Saracens were leading 20-17 with the clock heading into the red zone as both sets of exhausted players hammered into each other relentlessly just short of the Saracens line.
Saracens, desperate to get something from a superlative campaign having lost the Heineken Cup final a week ago and topped the regular season standings, looked to have done enough as their famed defence held firm.
However, one last surge on the 24th phase found some movement and a handful of Northampton players summoned just enough energy to celebrate what they felt was a try.
Referee JP Doyle consulted Hughes, the Television Match Official (TMO), and almost 82,000 frazzled fans were left stewing. The action was shown from a variety of angles on the big screens, with none of the pictures looking conclusive.
Eventually, to the joy of Northampton and the utter despair of Saracens, Hughes told the referee to award the try.
The TMO was already off the Saracens Christmas card list after an earlier intervention that also went against the London side and caused confusion to most of those watching.
Ken Pisi had scored Northampton’s second try to give them a 14-9 lead when Saracens surged into an attack that ended with Owen Farrell touching down what would have been their opening try.
The referee gave the try but Farrell needed treatment that caused a delay in Alex Goode taking the conversion.
While he waited, replays of the try were shown in the stadium, raising howls of protest from the Northampton fans who detected a forward pass by Goode during the build-up.
Unprompted by the referee and seemingly against protocol, the TMO suggested to Doyle he might want to review the score. Doyle did so, sending it back to Hughes, who disallowed it.
With Saracens fans also claiming a forward pass during the build-up to Pisi’s try, the officials did not help their cause.
Doyle said that on Wednesday he had attended a briefing where the overriding message was "get it right".
Referring to the disallowed try Doyle told Reuters: "There's time to do it. Until the conversion is kicked it's still there and the main thing is to get the right decision.
"The whole point of the TMO is to get the big decisions right in the big games and that's what happened today."
Regarding the decisive try of the match, Doyle said the Northampton players were screaming at him that they had scored but he could not see.
"That's what (TMO officials) are there for. It's the biggest game of the season. It's right that we take the time to get these things right and I think today fully justifies the use of the expanded TMO system."
'PAINFUL FINISH'
"It was a painful way for the game to finish," Saracens director of rugby Mark McCall told a news conference. "Even at the end, JP Doyle said it (the TV replay) wasn’t clear.
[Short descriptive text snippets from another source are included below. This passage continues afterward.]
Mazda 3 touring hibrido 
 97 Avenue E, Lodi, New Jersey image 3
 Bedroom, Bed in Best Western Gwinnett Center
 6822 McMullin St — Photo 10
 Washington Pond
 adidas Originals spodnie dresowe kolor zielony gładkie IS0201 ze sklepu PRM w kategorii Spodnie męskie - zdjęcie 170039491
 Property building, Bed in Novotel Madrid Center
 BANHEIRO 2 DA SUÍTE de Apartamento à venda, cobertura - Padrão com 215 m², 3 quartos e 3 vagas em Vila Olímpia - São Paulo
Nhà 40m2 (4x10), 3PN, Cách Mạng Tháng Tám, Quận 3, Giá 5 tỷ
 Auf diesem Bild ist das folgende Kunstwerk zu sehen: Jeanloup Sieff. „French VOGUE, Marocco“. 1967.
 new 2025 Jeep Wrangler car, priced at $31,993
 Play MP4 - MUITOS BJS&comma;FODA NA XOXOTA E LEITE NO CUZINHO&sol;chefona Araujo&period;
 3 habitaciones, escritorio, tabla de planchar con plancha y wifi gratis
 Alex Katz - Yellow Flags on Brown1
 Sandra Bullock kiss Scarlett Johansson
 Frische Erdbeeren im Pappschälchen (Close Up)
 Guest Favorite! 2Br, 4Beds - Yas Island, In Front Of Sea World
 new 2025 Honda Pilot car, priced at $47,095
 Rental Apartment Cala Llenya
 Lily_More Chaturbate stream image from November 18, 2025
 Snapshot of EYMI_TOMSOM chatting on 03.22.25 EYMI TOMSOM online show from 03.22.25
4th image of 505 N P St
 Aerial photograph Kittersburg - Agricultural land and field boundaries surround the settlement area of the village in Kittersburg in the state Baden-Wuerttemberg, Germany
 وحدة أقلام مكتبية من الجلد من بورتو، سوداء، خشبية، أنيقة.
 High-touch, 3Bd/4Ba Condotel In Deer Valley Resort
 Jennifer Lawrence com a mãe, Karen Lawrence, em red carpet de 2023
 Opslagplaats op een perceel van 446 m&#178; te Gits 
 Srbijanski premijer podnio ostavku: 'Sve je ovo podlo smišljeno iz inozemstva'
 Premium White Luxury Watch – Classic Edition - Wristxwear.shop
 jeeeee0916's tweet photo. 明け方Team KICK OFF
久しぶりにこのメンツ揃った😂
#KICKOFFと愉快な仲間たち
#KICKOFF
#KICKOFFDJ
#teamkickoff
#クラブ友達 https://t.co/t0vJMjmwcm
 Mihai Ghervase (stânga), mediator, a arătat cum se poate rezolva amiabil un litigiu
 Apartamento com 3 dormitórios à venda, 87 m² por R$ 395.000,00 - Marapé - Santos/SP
"We felt that nothing went our way. The players were unbelievably courageous and we played well but it felt like one of those days.
"Not much went our way, obviously the two TMO calls. We had to keep coming back to win it again and again and I’m unbelievably proud."
Equally proud was his opposite number Jim Mallinder, who is celebrating a wonderful double for Northampton having won the Amlin Challenge Cup eight days ago .
"It’s been a roller coaster seven years," he said. "We’ve come close – a Heineken Cup and Premiership final when we’ve been on the wrong end of it - so it’s fantastic to be on the right end of it."
Mallinder said he had faith his players would keep going strongly and confirmed that they did know that a drop goal at the end – which they did not even seem to consider – would have been enough to win the match with the scores level by virtue of their 2-1 try advantage at the time.
"We trust our fitness and I backed us playing to the very end – though I didn’t think that would be beyond 80 minutes," he said.
"We’ve done it before, as we did against Leicester in the semi-final when we showed a lot of courage and belief to come from behind and we’ve done it again today.
"The players knew the scenario; we’d told the key decision-makers in the couple of minutes we had at the end of normal time.
"They didn’t go for it (drop-goal) because there was a belief in the team that if we looked after the ball and got phases we’d score under the posts.
"And to finish like that, I suppose it's fairytales."
It was a moment to savour for club captain Dylan Hartley, who came on after an hour having not played since March due to injury and returned to the scene of last year's final defeat by Leicester when the hooker was sent off for abusing the referee.
"I haven't slept all week and now a finish like that, I don't think I've got any hairs or fingernails left,” he said after hoisting the trophy.
"It means everything to win it. We were so close last year. I'm proud to do it, not just for the town, but for all these special people here."